The last thing they want to do, if they want to avoid a messy ending, is make someone of her stature feel that the establishment is ganging up on her. That’s why you hear so many of them choosing their words ever so carefully – even those on Barack Obama’s side.

Senate Majority Whip Richard J. Durbin of Illinois, the senior senator from Obama’s state and a loyal ally, doesn’t try to hide his opinion of what Clinton should do. “I hope that Senator Clinton will take an honest look at her chances and make her decision accordingly,” he told me Wednesday morning.

But Durbin also sounded sympathetic to her plight – and the disappointment she’s likely to feel if she has to come back to the Senate after coming so close to the nomination. He tried to offer his best assurances that senators would make that return as easy as possible.

“If she does decide to end her candidacy and return to the Senate, she’ll come back to a very welcoming caucus,” Durbin said. “We’ll be glad to have her back.”

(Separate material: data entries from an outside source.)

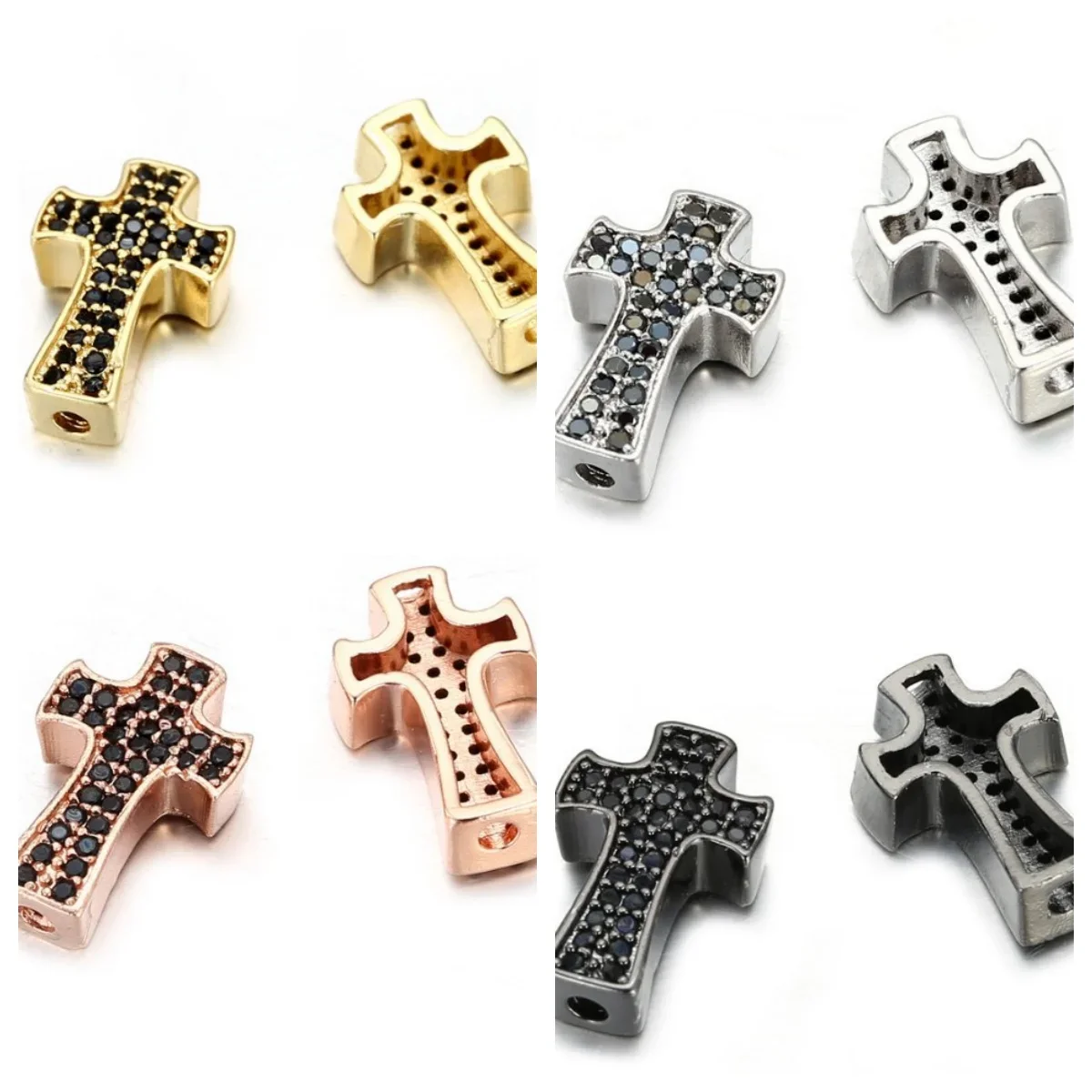 1Pcs/Lot Jewelry Making Supplies Copper Micro Inlay Zirconia Cross DIY Handmade Bracelet Beads Separate Accessories  Wholesale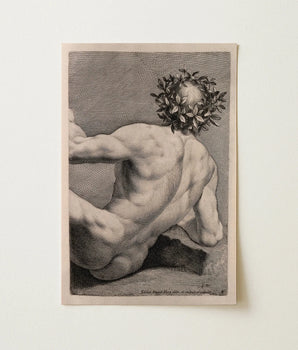 Monochromatic Print Muscular Figure Laurel Wreath Head Rendered Naked Man, Wreathed, Johann David Herz’s, Young, Declares, Circa-1732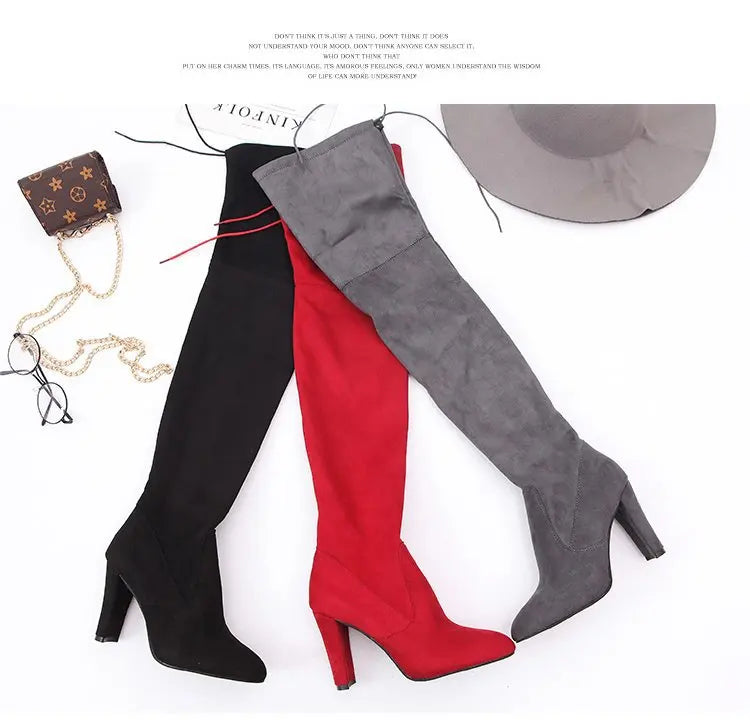 Women's Boots 2026 Autumn and Winter New European and American Style Plus Size Knee High Boots High Heels Round Toe Frosted Boot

Likewise, Senate Majority Leader Harry Reid of Nevada, who is officially neutral, has been bending over backwards to make sure no one thinks he’s secretly taking sides. He says the superdelegates should be able to choose whoever they want, but he also wants them to choose quickly, as soon as the primaries are over.

And he declined several opportunities Wednesday to comment on whether the delegate math gives Clinton any chance to win the nomination.

“Whoever comes back, whether it’s her or him, I’m going to be able to look that person in the face and say I stayed neutral,” Reid said.

And Democratic Rep. Tim Ryan of Ohio, a Clinton superdelegate who said Tuesday’s results made it much tougher for her to win the nomination, insisted that it’s still her decision whether to continue in the race.

“I think everyone is going to let the senator make her decision, and then take their cues from there,” Ryan said. “Everyone should give her some time to make up her mind.”